Apparently you have no idea what my Church means by "merits"...
But that is nothing new...
Here is what the Catholic Encyclopedia says about merits:
"Each good action of the just man possesses a double value: that of merit and that of satisfaction, or expiation. Merit is personal, and therefore it cannot be transferred; but satisfaction can be applied to others..."
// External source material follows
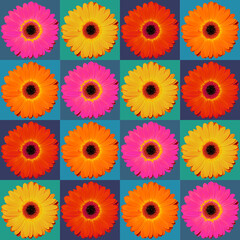 red yellow orange and pink gerbera flower pattern for background or graphic resource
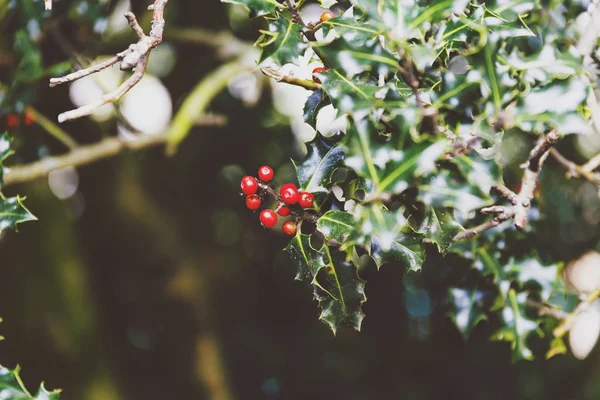 Ökse otu ağaç arka planda yumuşak bokeh ile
"Since the satisfaction of Christ is infinite, it constitutes an inexhaustible fund which is more than sufficient to cover the indebtedness
contracted by sin, Besides, there are the satisfactory works of the Blessed Virgin Mary
undiminished by any penalty due to sin, and the virtues, penances, and sufferings of the saints vastly exceeding any temporal punishment which these servants of God might have incurred. These are added to the treasury of the Church as a secondary deposit
, not independent of, but rather acquired through, the merits
"The existence of an infinite treasury of merits in the Church is dogmatically set forth in the Bull "Unigenitus", published by Clement VI, 27 Jan., 1343, and later inserted in the "Corpus Juris" (Extrav. Com., lib. V, tit. ix. c. ii): "Upon the altar of the Cross", says the pope:
"Christ shed of His blood not merely a drop, though this would have sufficed
, by reason of the union with the Word, to redeem the whole human race, but a copious torrent. . . thereby laying up an infinite treasure for mankind. This treasure He neither wrapped up in a napkin nor hid in a field, but entrusted to Blessed Peter, the key-bearer, and his successors, that they might, for just and reasonable causes, distribute it to the faithful in full or in partial remission of the temporal punishment due to sin."
I think I understand the concept quite well. So it's the satisfaction acquired by others that is transferred. same difference. The quote from the Pope specifically states that he can distribute it to others. So why is it not called the Treasury of Satisfaction"?
So the Lord's excess blood, more than was needed to save mankind, is held in trust by the Church?